C’est aussi ce qui explique le peu d’avancées dans les négociations Inde-Union européenne, l’Inde ne souhaitant absolument pas d’un traité dit « de nouvelle génération » incluant des critères ESG autour des normes environnementales ou de dumping social en plus des habituelles baisses de droits de douane.
La deuxième faiblesse structurelle illustrée par l’affaire Foxconn est celle du secteur industriel dans son ensemble. Ce dernier ne représente que 20% du PIB et 15% de l’emploi, contre environ 40% du PIB et 30% de l’emploi dans d’autres pays de la zone (Chine, Malaisie, Vietnam). Invitées à s’implanter en Inde avec la contrainte de recourir à des fournisseurs locaux, les entreprises étrangères ne disposent donc pas du réseau de fournisseurs nécessaire à leur activité, surtout dans les domaines de pointe comme celui des semi-conducteurs.
Surtout, l’Inde n’est pas positionnée sur les chaînes de valeur mondiales dans lesquelles elle essaye d’attirer ces nouveaux investisseurs étrangers, qui chercheraient une solution de repli total ou partiel depuis la Chine. C’est particulièrement vrai pour la production des téléphones ou des ordinateurs, qui était l’objet de l’investissement initialement annoncé par Foxconn.
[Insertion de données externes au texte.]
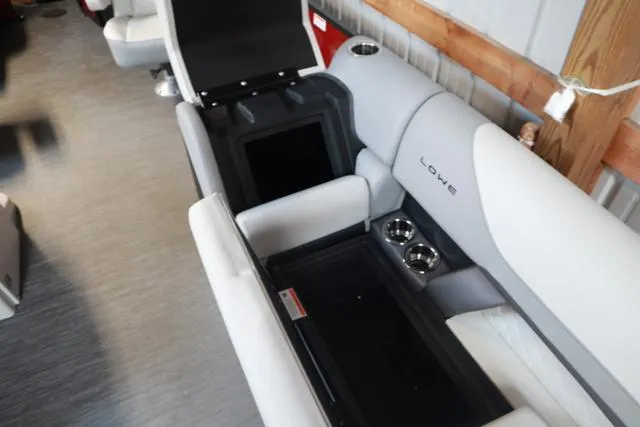 Slide: The Image of 2025 Lowe SS 230 WV boat interior with open storage and cup holders. - 16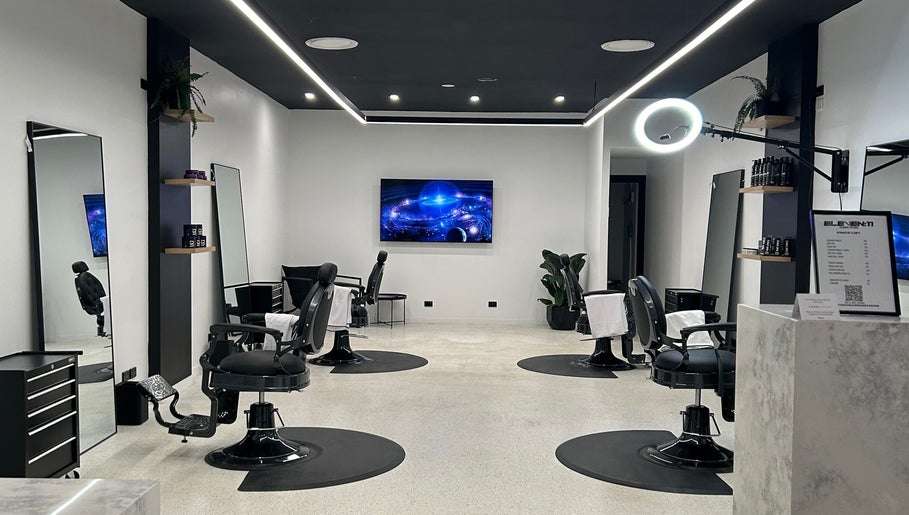 Modern interior of Eleven 11 Barber Studios in Coomera, Queensland, AU, featuring stylish barber chairs and sleek design.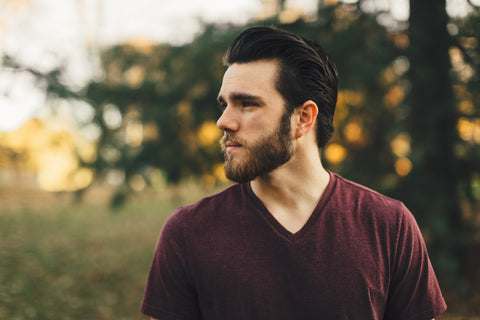 A man with a soft beard looking into the distance.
Or, le développement de l’industrie est nécessaire à celui du pays, surtout pour fournir des emplois à une population active toujours croissante : alors que l’Inde devrait créer douze millions d’emplois par an pour intégrer tous les nouveaux entrants, elle plafonne autour de cinq millions par an. Sept millions d’Indiens rejoignent annuellement les rangs des travailleurs migrants, qui travaillent en ville et rentrent à la campagne lors des périodes de récoltes. Le défi de l’emploi est même double : créer plus d’emplois, de surcroît adaptés aux femmes (dont le taux d’activité, déjà faible, s’est effondré ces dix dernières années, et s’élève à 20% aujourd’hui), moins informels.
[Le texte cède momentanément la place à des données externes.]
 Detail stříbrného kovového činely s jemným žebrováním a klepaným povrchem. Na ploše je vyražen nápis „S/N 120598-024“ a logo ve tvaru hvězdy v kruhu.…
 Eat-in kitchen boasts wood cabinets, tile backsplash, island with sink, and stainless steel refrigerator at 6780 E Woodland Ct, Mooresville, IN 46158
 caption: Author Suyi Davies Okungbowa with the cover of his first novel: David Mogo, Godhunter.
Le retrait de Foxconn d’un projet particulièrement médiatisé par le gouvernement lui-même, fer de lance d’une ambition plus globale de développer le secteur des semi-conducteurs, est un gros revers pour Modi. Il rappelle également que, loin des effets d’annonces, le déploiement effectif de certains investissements continue de se heurter aux faiblesses structurelles du pays, et surtout à son comportement très protectionniste, l’insertion dans les chaînes de valeur ne pouvant s’opérer en économie fermée. Or, il ne pourra pas y avoir de développement sans industrialisation. Si les services ont constitué un canal de création d’emplois et de valeur important et contribuent toujours à équilibrer le compte courant indien, ils n’ont pas permis d’intégrer toute la main-d’œuvre disponible et de créer les emplois formels et peu qualifiés nécessaires au développement. Le cas Foxconn devrait donc agir comme une prise de conscience vis-à-vis des autorités indiennes, et commencer à les convaincre qu’au-delà de la tribune offerte par la présidence du G20, de vraies démarches d’ouverture seront nécessaires.